W3C Publishes Online Privacy Drafts
Web standards maker W3C proposes a standard for “do not track” features in browsers
The World Wide Web Consortium (W3C) plans to help internet users protect their personal data by standardising the “do not track” feature which is already appearing in browsers.
The web standards-maker has published two drafts, the Tracking Preference Expression and the Tracking Compliance and Scope Specification, and invited browser developers, content providers, advertisers and experts in policy, privacy and consumer protection to review them, with a view to implementing them in 2012.
While it recognises that some users appreciate the customisation options that result from this surrender of information, others regard it as intrusive and feel it is acquired without their consent.
The Tracking Preference Expression outlines the mechanisms for users to express what data they consent to reveal and for sites to indicate whether they honour these preferences, while the Tracking Compliance and Scope Specification defines the meaning of a “do not track” preference and sets out the practices for websites to comply with this preference.

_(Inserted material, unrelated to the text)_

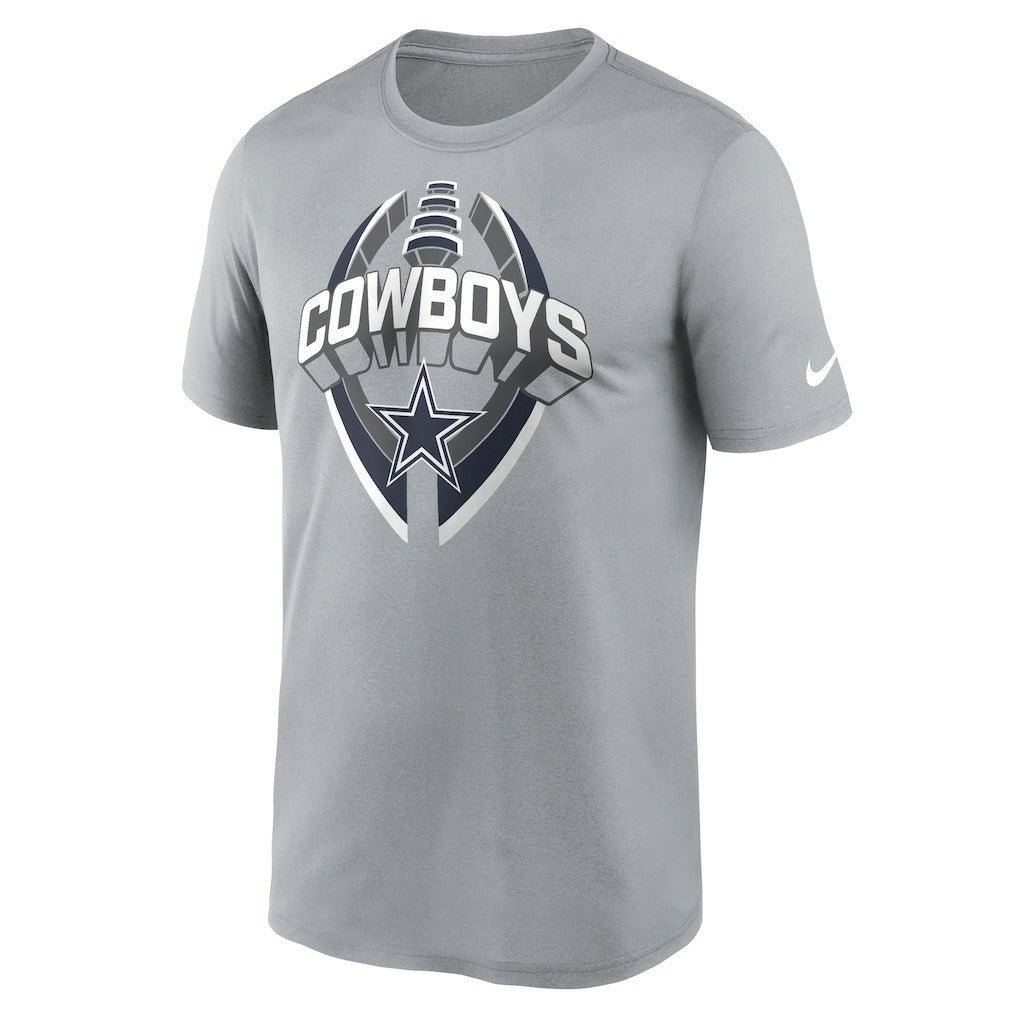 Dallas Cowboys Legend Icon Performance T-Shirt Gray - Nike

According to W3C, the implementation of these standards will address the concerns of users and regulators and engineer a sense of trust in the industry by allowing users to express what data can be collected about them for tracking purposes.
Move To Standardisation
Dr Matthias Schunter of IBM Research commented, “Smarter commerce and marketing strategies can and must coexist with respect for individual privacy. Open standards that help design privacy into the fabric of how business and society use the Web can enable trust in a sustainable manner.”
“We know there are many types of users. Some eagerly welcome the benefits of personalized web services, while others value their privacy above all else,” said Aleecia M. McDonald of Mozilla Foundation, “Do Not Track puts users in control, so they can choose the tradeoffs that are right for them.”
W3C is an international consortium that works to promote and develop web standards. It has established community groups to promote developer participation in web standardisation and has worked towards delivering final specifications for HTML5.
Concerns about how websites collect information about users have increased recently, with Facebook denying that it was building “shadow profiles” by collecting data from non-users. However browsers such as Google Chrome and Mozilla Firefox have already made moves to develop “do not track” options for their programs.